Tuesday, April 29, 2008

An Experiment

The London ‘Tube’, a survey says, is the place where majority of Londoners fall in love. Creative pick-up lines such as, “I forgot which way I was going, which way are you headed for”, abound. Other than a place to build your repertoire of pick-up lines, snooze and make up for incomplete sleep, or a thousand other activities that travellers do, it is also the hatching ground for love, young or old. Having said this, the obvious question is ‘why so?’ And the obvious answer is how else do you expect human beings of opposite sexes (and same sexes for the differentially endowed) to behave when put together in a room on wheels, the doors to which open at long intervals and from which you will not walk out, unless it is your preferred destination. So, obviously people fall in love, travelling the same route, with the same faces and at the same time.
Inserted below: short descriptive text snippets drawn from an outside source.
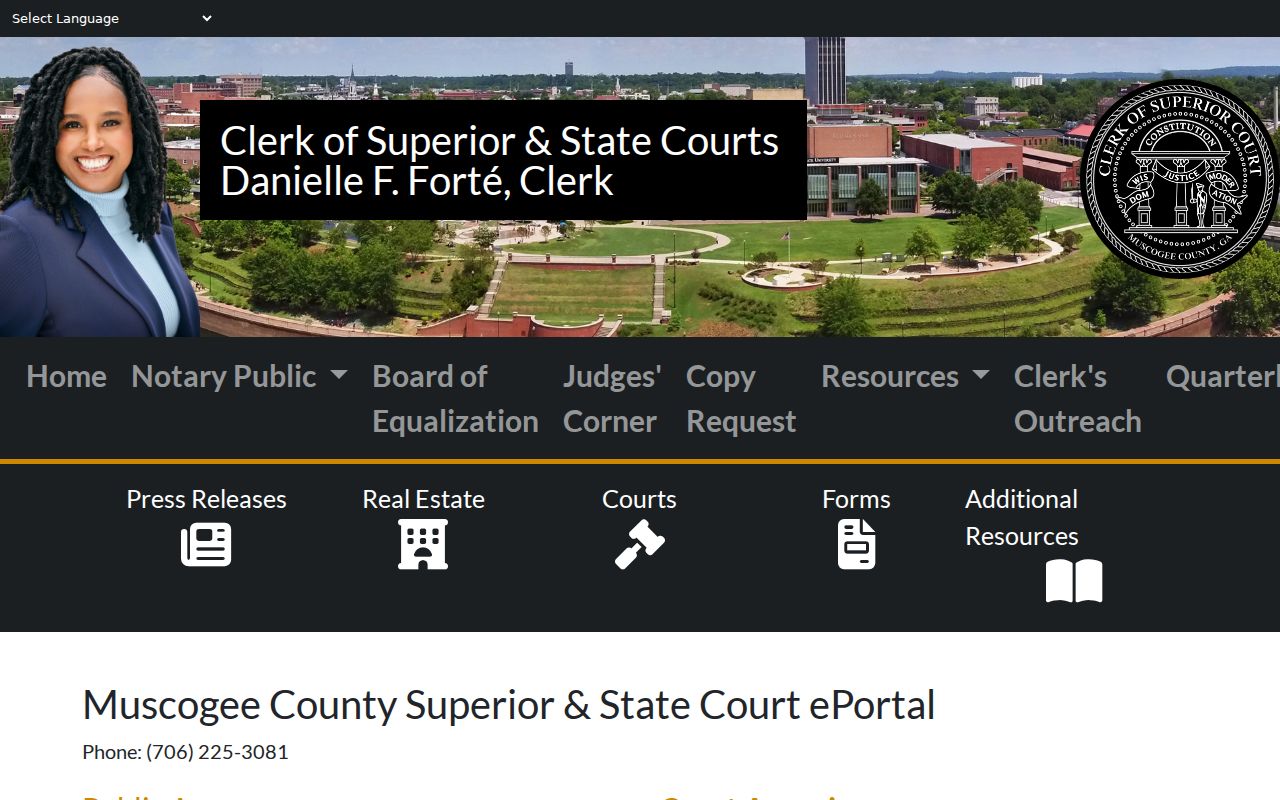 Muscogee County criminal court portal and clerk record access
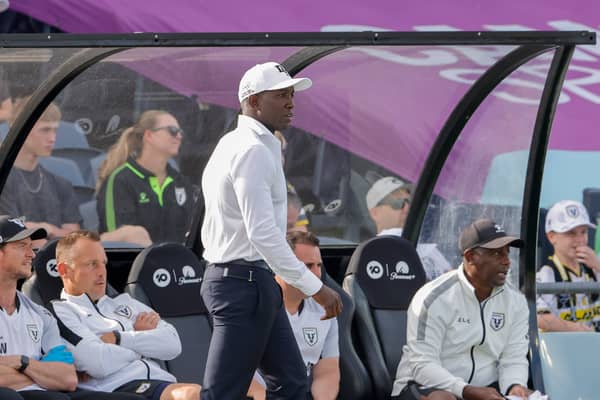 Dwight Yorke is searching for a new managerial opportunity. (Photo by Jenny Evans/Getty Images)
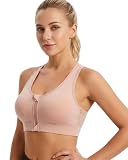 MenYiYDS 1 Pcs Sujetador Deportivo para Mujer,Sujetador de Yoga sin Aros con Efecto Push-up,Cierre Frontal con Cremallera,Camiseta Deportiva sin Costuras,Ideal para el Gimnasio y Correr,Rosa,Talla L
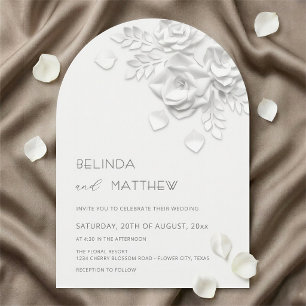 White 3D Floral Roses Minimalist Wedding Invitation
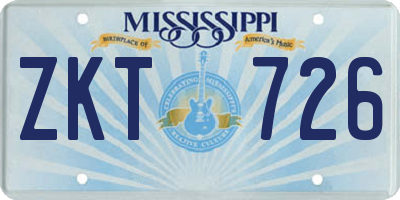 MS license plate ZKT726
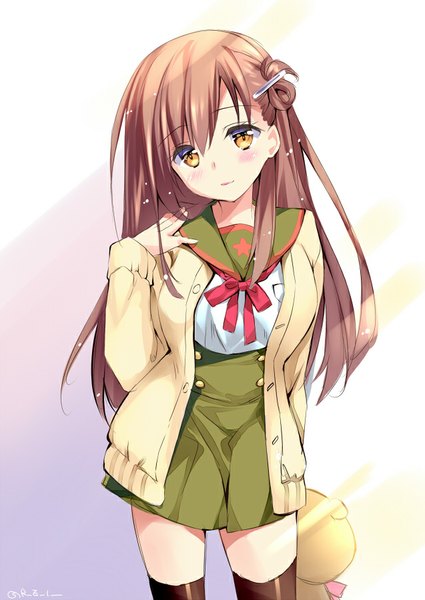 Anime picture 637x900 with gakkou gurashi! wakasa yuuri rei (rei's room) single long hair tall image looking at viewer blush fringe smile brown hair yellow eyes very long hair light smile sparkle gradient background arm behind back double buttons girl thighhighs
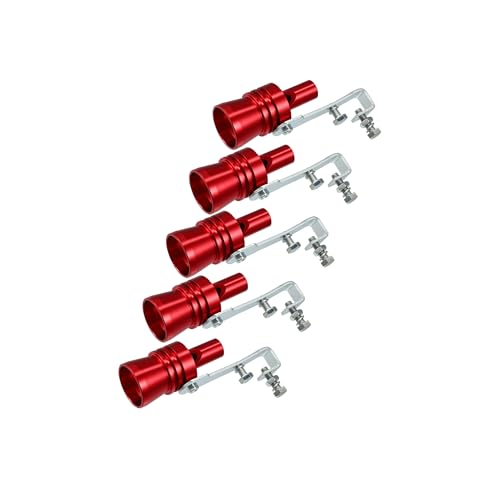 Motoforti 5pcs XL Size Aluminum Alloy Universal Turbo Sound Exhaust Muffler Pipe Whistle Car Roar Maker Red Long-lasting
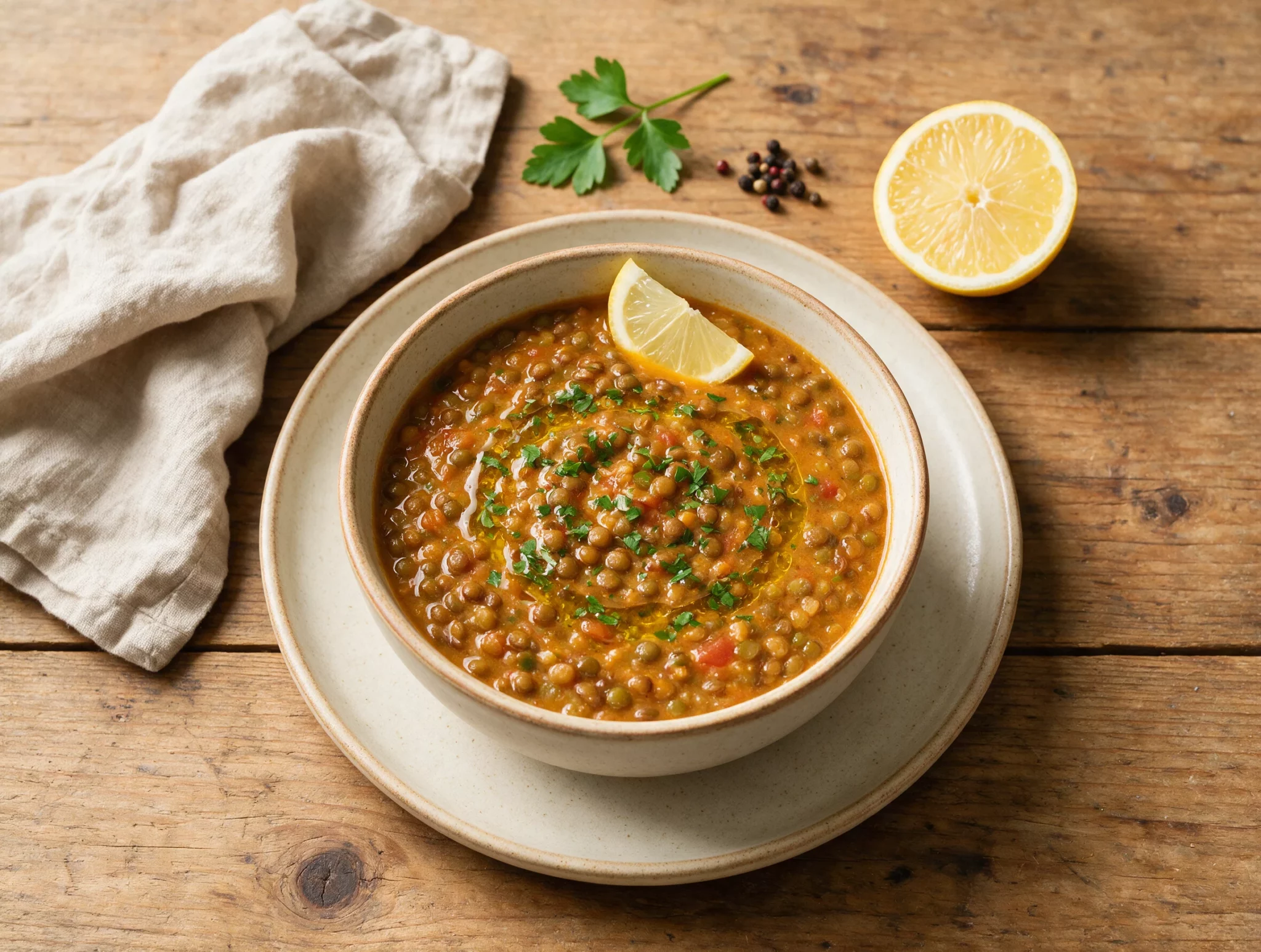 Simple Mediterranean Lentil Soup with Lemon and Cumin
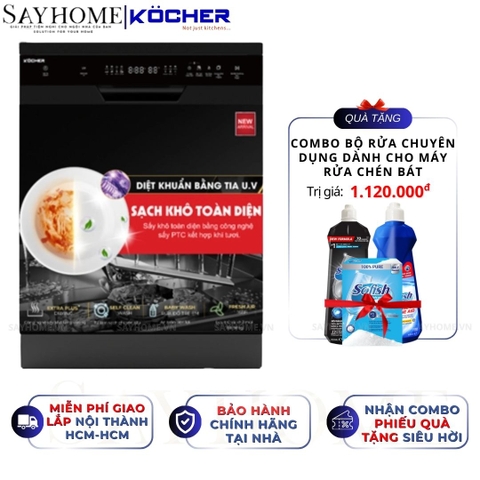 Máy rửa bát Kocher X16B 17 bộ đồ ăn Châu Âu - Bảo hành 2 năm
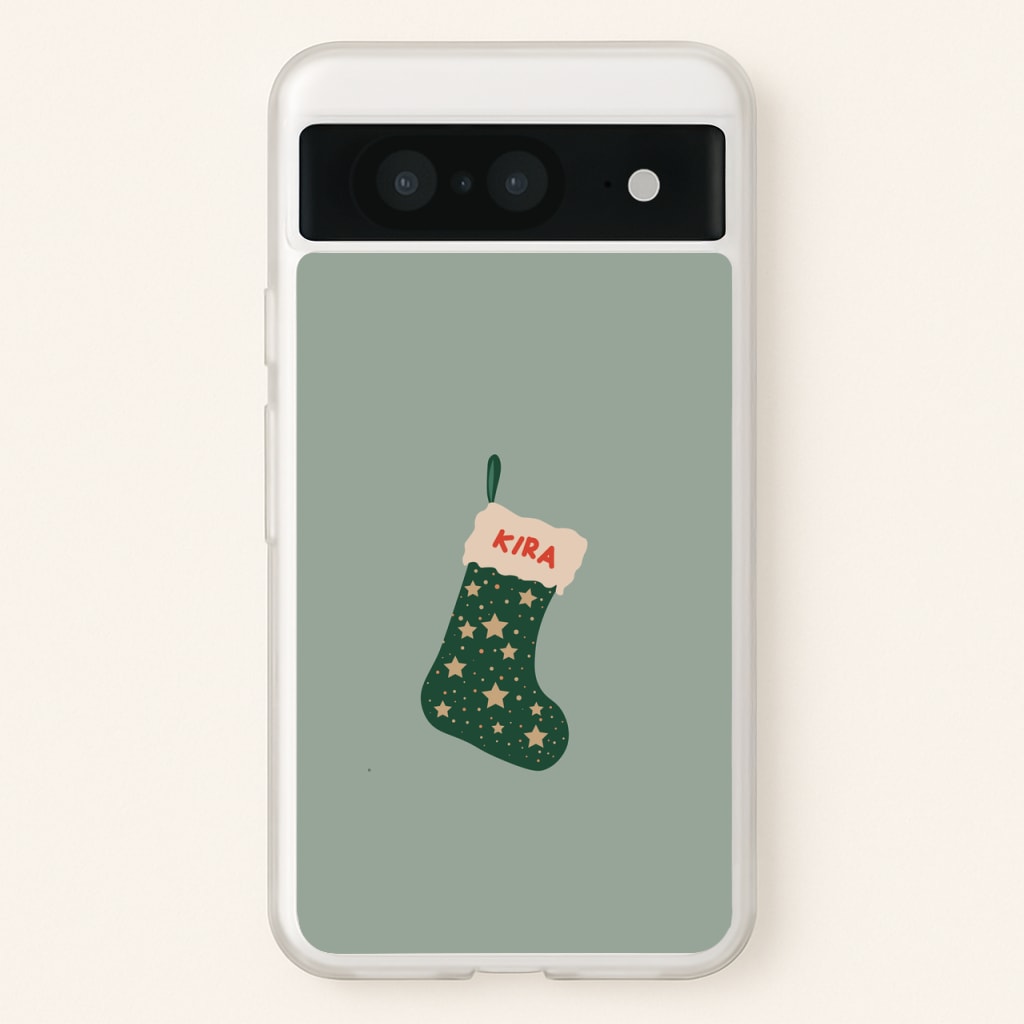 Green Stocking - Personalised Christmas - Christmas Phone Case for Google Pixel 8
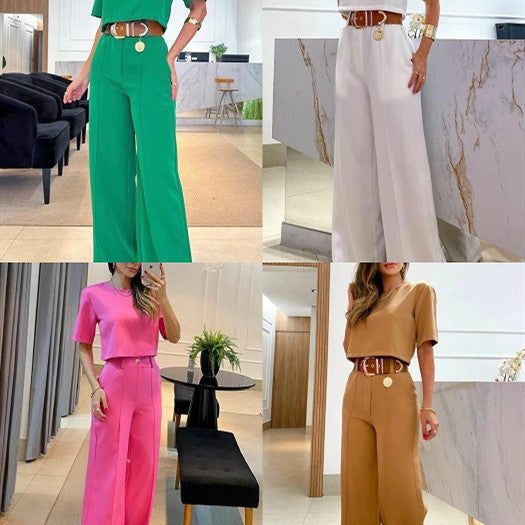 KIKIMORA Solid Color Casual Wide Leg Trousers & Short Sleeve Top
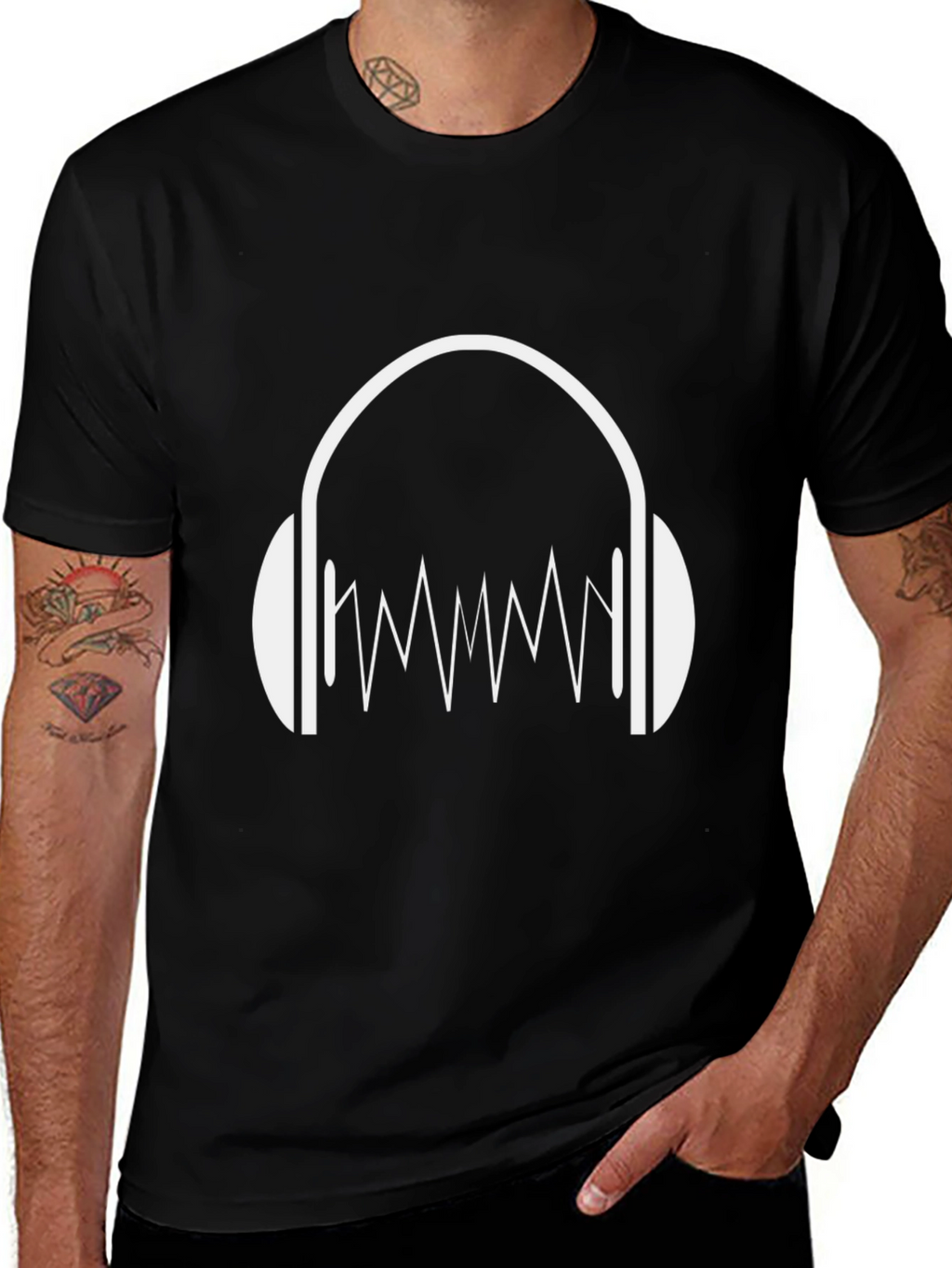 Headphone Soundwave Graphic Tee - Black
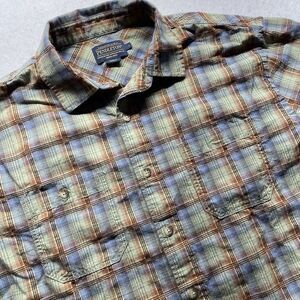 Pendleton SHORT SLEEVE BOARD FITTED SHIRT Men's Green/Tan/Blue Plaid Size L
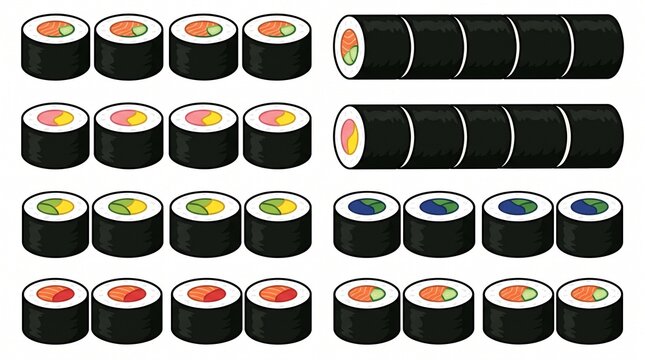 Assorted sushi rolls and maki set on white background with japanese restaurant culinary collection illustration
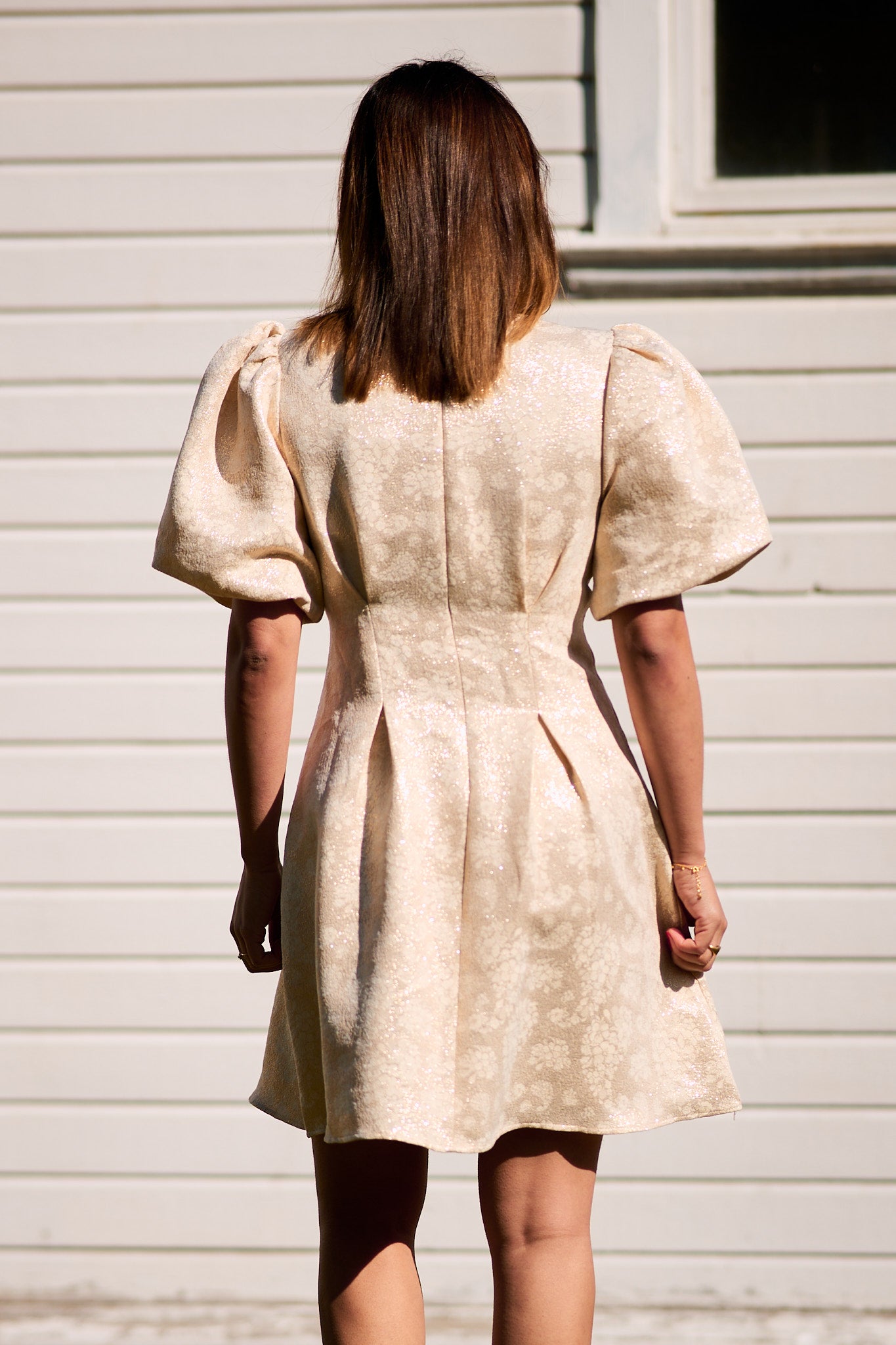She Got It Dress Gold flowers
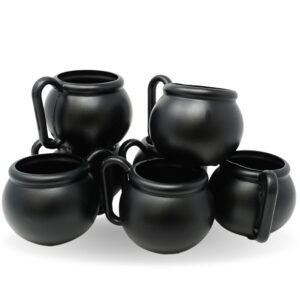 4E's Novelty Set of 12 Black Cauldron Mugs 12 oz, Halloween Cauldron Cups for Drinks - Durable BPA-Free Plastic Halloween Mugs, Witch Mug Party Favors, Spooky Halloween Mugs, Decor Table Party Favors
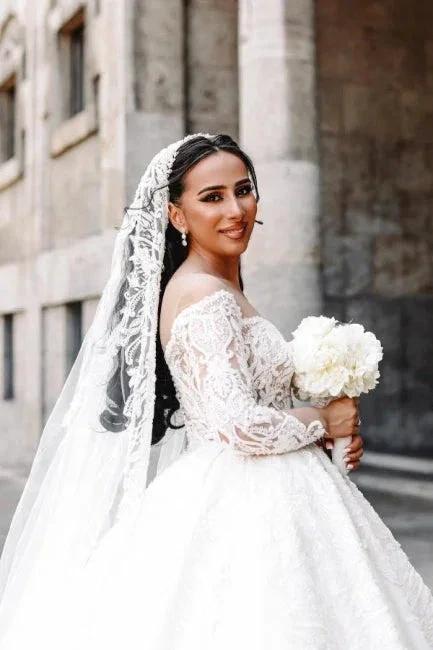 Ball Gown Sweetheart Long Sleeve Floor-Length Stain Wedding Dresses with Lace - Image 6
The same logic perhaps holds true for ‘office romances’, touted as the most ‘in’ thing of modern work hours. So, basically when two people spend quite some time together, there is a high probability of the possibility of their falling in love.
Now, suppose as a matter of research, spouses (not swapped but ‘officially’ own) are placed together, under congenial laboratory conditions, can same results be assured? If so, then what an ingenious way to bring that glow back in marriages that has lost their shine from over-use or under-use! The only point, however, is if only spouses agree to be put together.